That will display what returns from the cfhttp request. If that is not ‘200 OK’, if that is something else like 404, then your coldfusion server could not access localhost:8500. That happens base on the security settings in the web server. Try with the sever name or with the IP address. Some times that works.

If your test.txt and this cfm file in the server, you can use FileExists() function to check if the text file exists. That is way faster than cfhttp.

Thanks

Sam
cflove.org

Participant
August 26, 2010

Assuming you are taking this approach to check for existence of the file on a remote server instead of the server executing the CF code, try using method="HEAD" instead of "get". This will prevent the CFHTTP call from actually transferring the entire remote file content via CFHTTP and will be far more efficient since it will only transact on headers.

Also, keep in mind that under certain scenarios it is possible to get a 200 status code even when the file in question does not exist.

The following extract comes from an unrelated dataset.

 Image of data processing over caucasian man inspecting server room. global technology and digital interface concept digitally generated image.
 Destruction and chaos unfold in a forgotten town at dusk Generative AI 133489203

If the file is on the same physical server, test using fileexists("test.txt") instead of going through CFHTTP.

ilssac
Inspiring
August 26, 2010

I would be very interested in the WHY of this page....

It requests test.txt with <cfhttp....>

If that request returns a http "200 OK" response then relocate the current request to text.txt

Otherwise relocate the current request to search.cfm

tclaremont
Inspiring
August 26, 2010

It is checking to see if it can resolve text.txt. If it can, it shows it. If it cannot, it routes the visitor to search.

I am guessing that if it did not check for the satisfactory existance of the file, the end user would see a file not found message and be stuck, rather than being automatically forwarded to the search page.

This is just a guess, and I am NOT saying it makes sense!